(Data extract Opens)
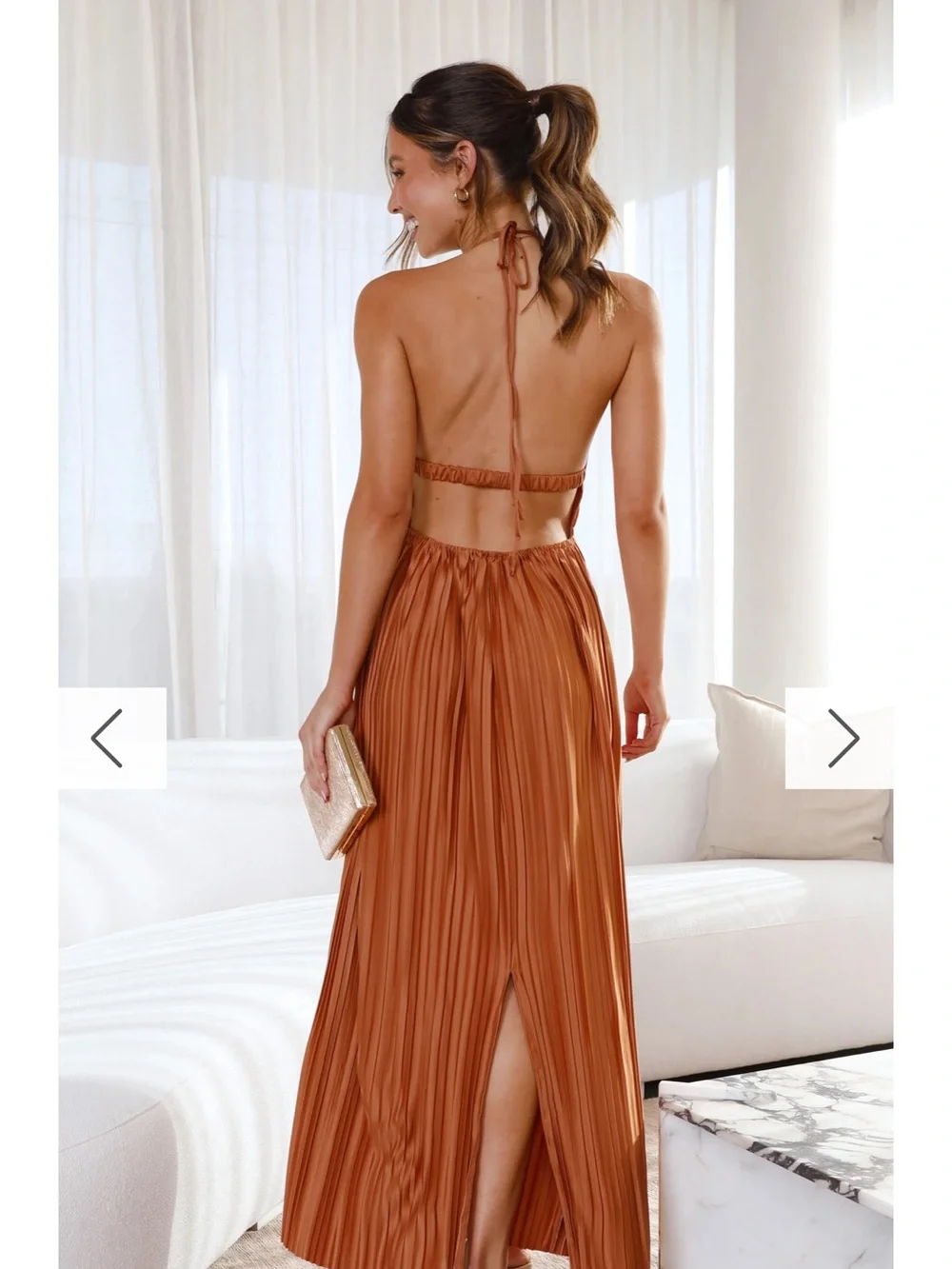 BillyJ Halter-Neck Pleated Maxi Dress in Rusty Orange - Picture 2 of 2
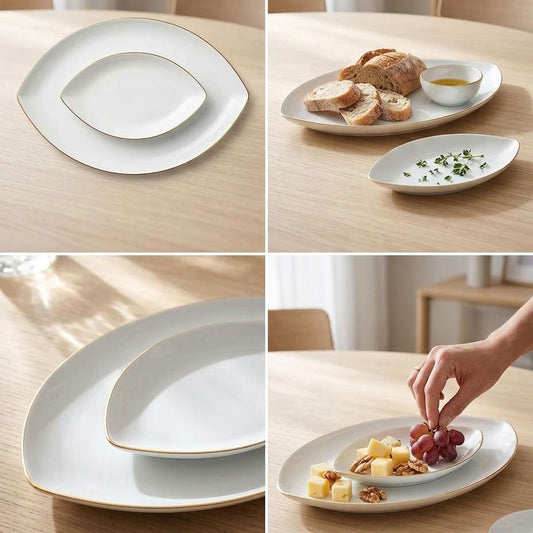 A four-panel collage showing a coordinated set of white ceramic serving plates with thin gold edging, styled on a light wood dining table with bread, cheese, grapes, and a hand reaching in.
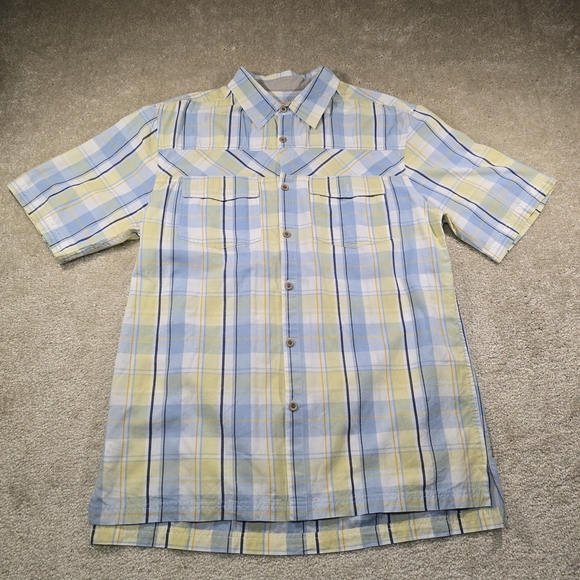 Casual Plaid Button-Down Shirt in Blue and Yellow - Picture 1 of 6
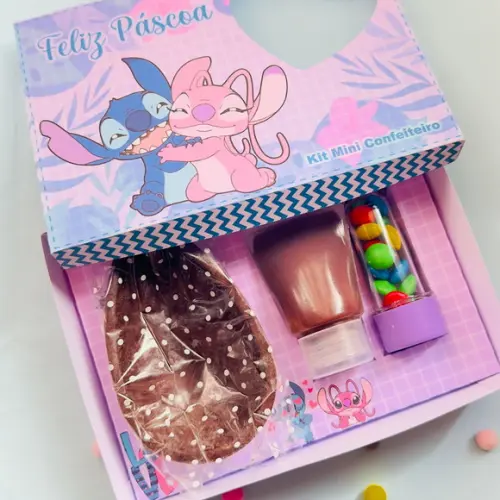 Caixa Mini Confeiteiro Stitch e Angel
(Data extract Closes)
Apart from the images, retype the full material exactly as written.

 BillyJ Halter-Neck Pleated Maxi Dress in Rusty Orange - Picture 2 of 2
 A four-panel collage showing a coordinated set of white ceramic serving plates with thin gold edging, styled on a light wood dining table with bread, cheese, grapes, and a hand reaching in.
 Casual Plaid Button-Down Shirt in Blue and Yellow - Picture 1 of 6
 Caixa Mini Confeiteiro Stitch e Angel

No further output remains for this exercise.